#### [ASSIGNMENT]
With nothing left out, repeat every entry exactly.

[Caption-style text data]
Content starts
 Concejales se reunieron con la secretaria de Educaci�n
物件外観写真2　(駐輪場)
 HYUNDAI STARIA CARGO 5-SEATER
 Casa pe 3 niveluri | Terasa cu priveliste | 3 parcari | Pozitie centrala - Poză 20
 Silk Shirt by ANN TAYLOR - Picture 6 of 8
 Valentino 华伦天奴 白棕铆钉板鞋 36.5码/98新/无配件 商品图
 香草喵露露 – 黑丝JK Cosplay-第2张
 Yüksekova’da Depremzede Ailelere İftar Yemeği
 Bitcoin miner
Content ends
#### [YOUR RESPONSE]
 Concejales se reunieron con la secretaria de Educaci�n
物件外観写真2　(駐輪場)
 HYUNDAI STARIA CARGO 5-SEATER
 Casa pe 3 niveluri | Terasa cu priveliste | 3 parcari | Pozitie centrala - Poză 20
 Silk Shirt by ANN TAYLOR - Picture 6 of 8
 Valentino 华伦天奴 白棕铆钉板鞋 36.5码/98新/无配件 商品图
 香草喵露露 – 黑丝JK Cosplay-第2张
 Yüksekova’da Depremzede Ailelere İftar Yemeği
 Bitcoin miner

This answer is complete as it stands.